Staatliche Kunstsammlungen Dresden In Museumsdepots ist Platz knapp – Großer Bedarf in Dresden

Nachdem viele Museen in Sachsen saniert worden sind, fehlt jetzt oft der Platz in ihren Depots. Auch ist deren baulicher Zustand nicht immer optimal. Das gilt auch für die Staatlichen Kunstsammlungen Dresden.

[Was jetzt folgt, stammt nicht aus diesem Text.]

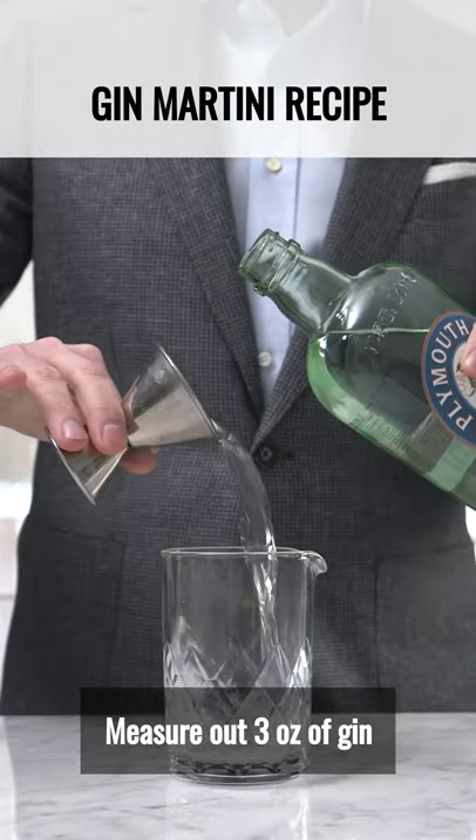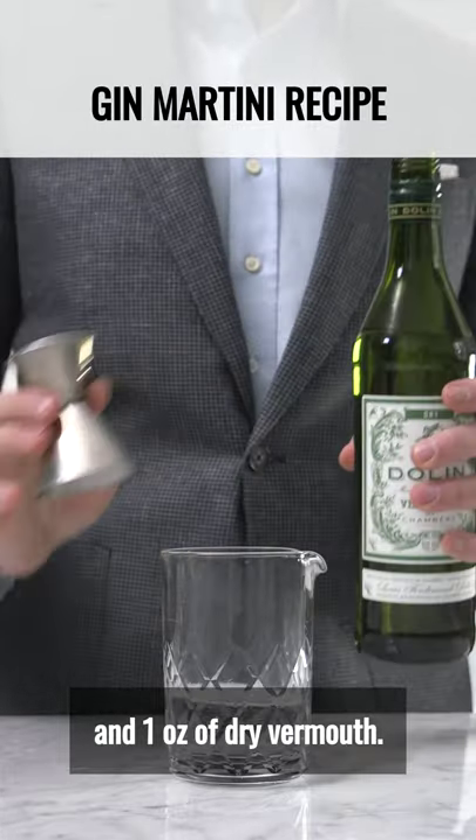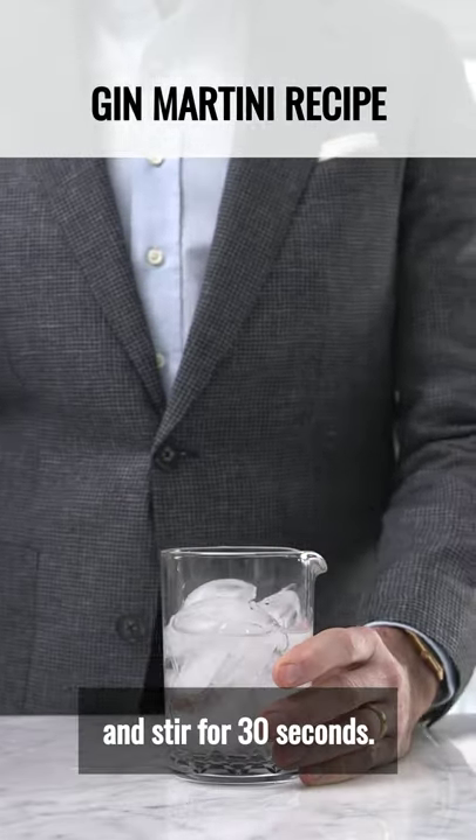Measure out three ounces of gin and one ounce of dry vermouth. Add some ice and stir for 30 seconds.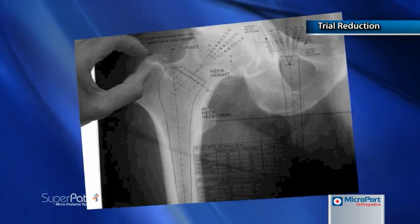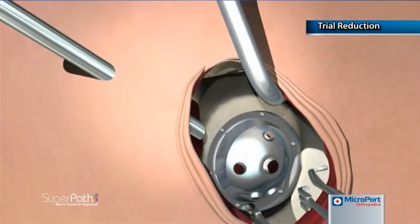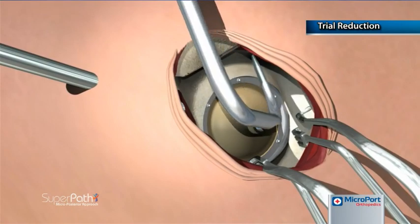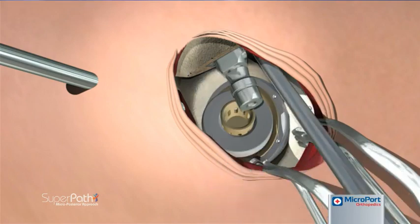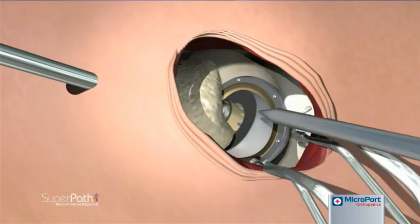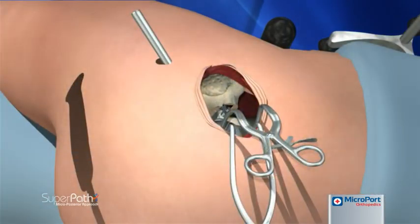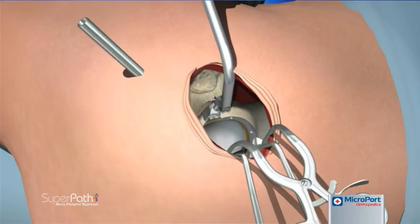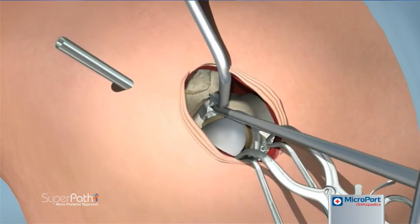Head and neck trials are selected by measuring the resected femoral head or by preoperative templating. The trial neck is seated into the femoral broach, while the trial head is placed into the cup with the opening in a superior posterior position. With the tip of the blunt trocar inserted into the top of the broach, the leg is translated to mate the trial neck into the trial head. Raising and lowering the foot of the operative leg assists in the maneuver. With the leg returned to the home position, the bone hook is inserted into the broach and lateral traction is applied.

Blick in das Gläserne Depot der Skulpturensammlung im Dresdner Albertinum.

Quelle: dpa

Dresden. In den Depots der sächsischen Museen wird der Platz knapp. Deshalb hoffen die Museumsleute selbst renommierter Häuser auf Neubauten oder Erweiterungen, wie eine Umfrage der Deutschen Presse-Agentur ergab. So unterstützt etwa das Kunstministerium in Dresden nach eigenem Bekunden den Wunsch der Staatlichen Kunstsammlungen nach einem Zentraldepot. Es gebe dringenden Handlungsbedarf etwa für die Gemäldegalerien Alte und Neue Meister, die Rüstkammer, das Kunstgewerbe- und das Volkskunstmuseum, die Porzellan- und die Skulpturensammlung sowie den Kunstfonds, heißt es. Die Depots seien baulich zum Teil noch auf Nachkriegsniveau. Diese genügten aktuellen konservatorischen und logistischen Ansprüchen nicht, zudem herrsche Platznot.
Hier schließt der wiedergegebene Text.